At the meeting, city representatives and Rayonier executives agreed that if a transfer of ownership of the 5-million-gallon tank to the city occurs, it would coincide with the Harbor-Works Public Development Authority getting control of the rest of the property, Hood said.

“We got on the same page that it needs to be one transaction,” Hood said.

Those attending the meeting were Cutler; Nathan West, economic and community development director; Deputy Mayor Betsy Wharton; City Council member Dan Di Guilio; and Bill Bloor, city attorney.

The group also was joined by Orville Campbell, Harbor-Works Board of Directors chairman.

Myers said a lease agreement will be developed and presented to the City Council for approval in February.

The lease would allow the city to proceed with its engineering designs for using the tank — which it ultimately wants to own — in order to nearly eliminate sewage from overflowing and entering marine waters during heavy rainfall.

“It’s a step forward,” Myers said. “It allows us to proceed with that project.”

The city is under a state Department of Ecology order that it must reduce sewage overflow events to no more than four a year by the end of 2015.

Sewage overflows occur when storm water enters the city’s sewer system and overflows its containment barriers, sending untreated sewage into Port Angeles Harbor and Strait of Juan de Fuca.

There were 69 overflows in 2007.

Although the city does not have ownership of the tank, proceeding with its engineering design work through a lease would allow it to avoid missing the 2015 deadline.

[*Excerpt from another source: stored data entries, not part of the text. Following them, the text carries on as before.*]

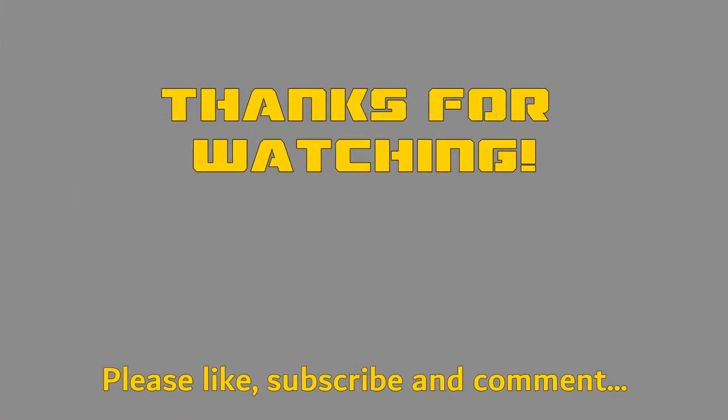Thank you for watching — please subscribe and comment. I wish you a nice year 2019. This was my first video by the way. See you next time, I hope with some really nice flight footage. Goodbye!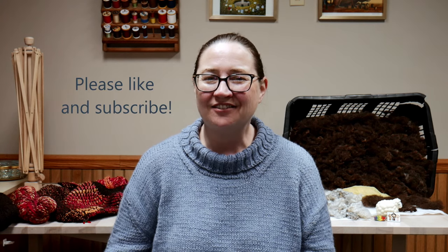Hello friends and welcome. Thank you so much for stopping by — I'm really glad you're here. If you're new here, my name is Becca. This channel is all about my love for spinning, knitting, crocheting, weaving, sewing — all the fiber things. I invite you to grab whatever project you have on the go and join me. Let's make some stuff.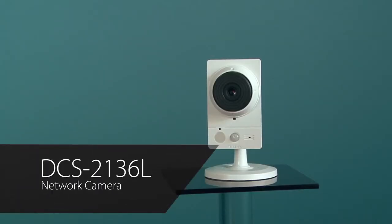Hello, I'm Vance Kozik, Director of Product Marketing for IP Surveillance Products here at D-Link Systems. Today I'd like to introduce you to the DCS-2136L Network Camera.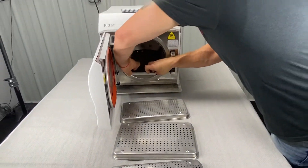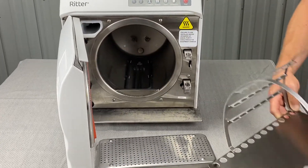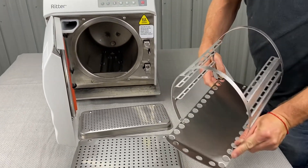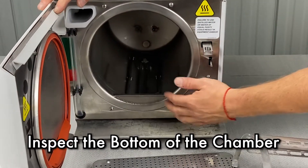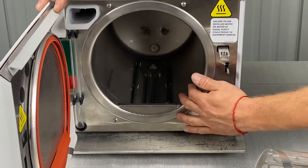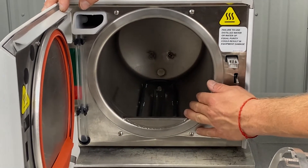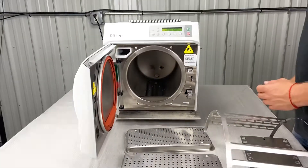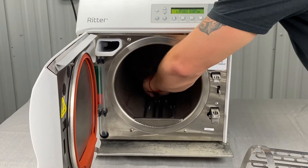You're going to pull the rack and tray plate out like so. Obviously make sure that's clean. Now we can inspect the bottom of the chamber and make sure that you don't see any paper under there, any needle tips, any plastic or rubber. Whatever you may be sterilizing, pieces can break off and fall off, so you want to keep an eye on that.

Cutler has said the city would not be able to meet the deadline unless it acquired the tank or got access to it by April 1.

Ecology could fine the city $10,000 a day if it misses the 2015 deadline.

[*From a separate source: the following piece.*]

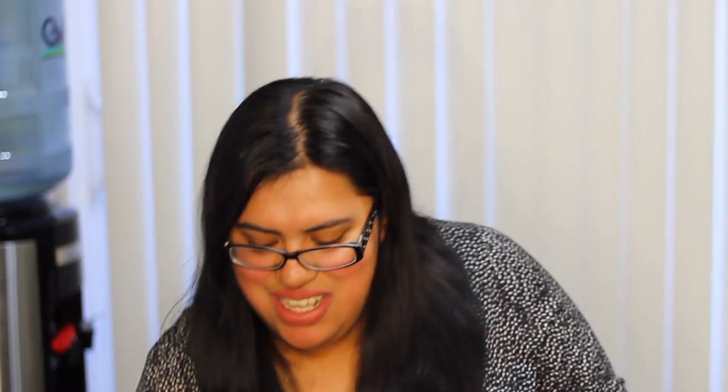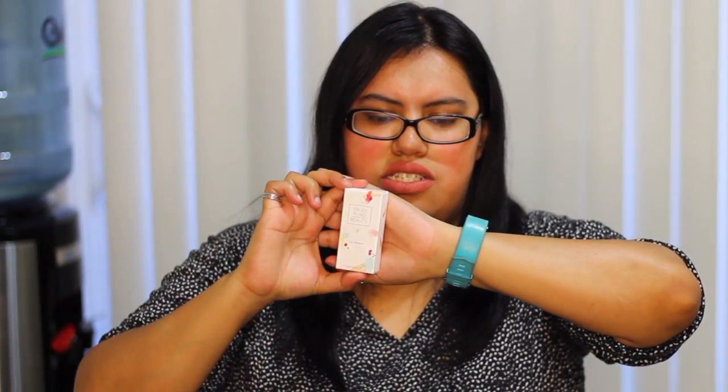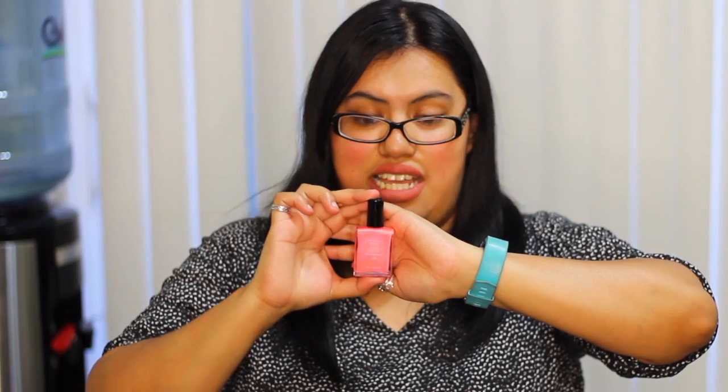The next item — I guess it's called Trust Fun Beauty. It's actually a nail polish. It's a really bright neon pink, neon orange-pinkish color. I'm not sure if I'm going to end up using this just because it's super bright, but I'll give it a try anyway.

The tank would store sewage until it can be treated by the city’s sewer treatment plant, which is adjacent to the Rayonier property.

The city estimates it will cost between $32 million and $42 million to come into compliance with Ecology’s order. It is borrowing money from Ecology to fund the project.

Cutler had estimated the cost of the trip to talk with Rayonier executives to be between $750 and $1,000 a person. He said the trip was necessary because the city had to convey how important this issue is.

Cost of tank?

Cutler has also said that the city intends to acquire the tank at no cost, which Hood said has still to be determined.

“There was no specific financial offer,” Hood said.

He said the company has yet to apply a value on the tank.

The city’s goal in forming Harbor-Works was that Rayonier would give the tank to the city at no cost, and in exchange, the public development authority, which it formed with the Port of Port Angeles in May, would take on cleanup liability of the Rayonier property.

The property has been an Ecology cleanup site since 2000 and is contaminated with pockets of PCBs, dioxins, arsenic, cadmium, mercury, lead and other hazardous contaminants created during the 68 years a Rayonier pulp mill operated there. The mill closed in 1997.

In 2000, the U.S. Environmental Protection Agency called the site” moderately contaminated,” perhaps 2 or 3 on a scale of 10.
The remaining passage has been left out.